Trialogue: Spiritual but not Religious? Perspectives on a Perceived Disjunction
This Trialogue is the culmination of the upper-division seminar course Religion 120 by the UCLA Center for the Study of Religion. The panel discussion is being co-sponsored by the Academy for Judaic, Christian, and Islamic Studies.
Convener and Moderator
Reinhard Krauss, Ph.D.
Lecturer, UCLA Center for the Study of Religion
Jennifer Lindholm, Ph.D.
Assistant Vice Provost, UCLA; Director, UCLA Spirituality in Higher Education Project
Maria Blandizzi, Ed.D.
Dean for Students, UCLA
Gail Stearns, Ph.D.
Associate Professor of Religious Studies and Dean of the Wallace All Faiths Chapel, Chapman University, Orange, CA
Thursday, June 8, 2017
4:00 – 6:00 PM
Reception to Follow
Free Admission • All are welcome!
Royce Hall 306
‘Spiritual but not Religious’ is a frequently used phrase on college campuses and beyond.

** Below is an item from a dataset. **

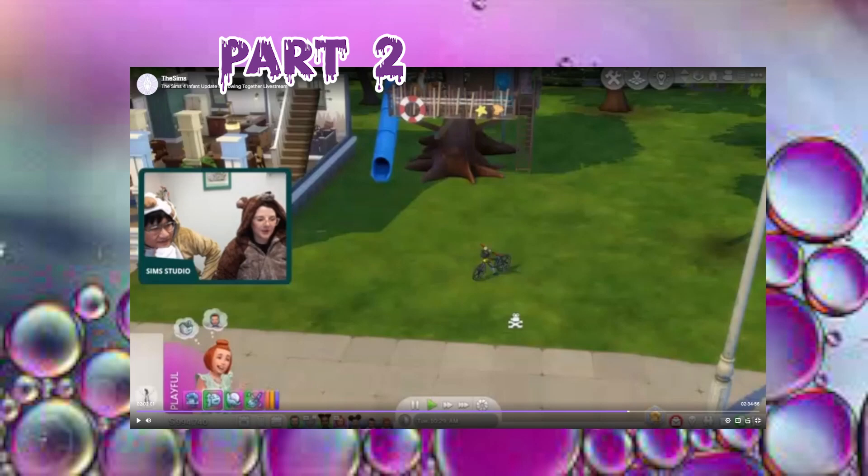Hey guys, it's Phantom, and welcome or welcome back to my channel for Part 2 of the Sims 4 live stream that I reacted to. The reason I didn't do this all in one part was because the live stream was two hours long, and the first two hours took me literally all day, so I had to split it into two parts. Anyway, let's continue on with this reaction.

How do we define spirituality as distinct from religion? Is spirituality measurable and if so, what role does it play on a college campus — in the classrooms and in the dorm rooms, in faculty meetings, and in the strategic planning of campus administrators? Does spirituality perhaps have an impact on academic performance?
These are some of the issues to be discussed in this forum. Each of the forum’s three panelists has a unique vantage point from which to address these questions. As an academic researcher, Dr. Lindholm’s approach to the often rather nebulous concept of spirituality is rigorously data driven. Her research on student spirituality has broken new ground, and is especially valuable in our current political and cultural climate of rumors, conspiracy theories, and unfounded claims. Dr. Stearns, as a campus chaplain of a multi-faith chapel and an academic teacher plays a dual role as leader called to provide spiritual guidance and to promote what has been called religious literacy. Dr. Blandizzi, the Dean for Students at UCLA, is charged with supporting students in their overall well-being. How does supporting students’ spirituality fit into this overall portfolio — or does belong there?
The event is free and open to those interested in exploring a key issue of concern in contemporary religious and cultural studies.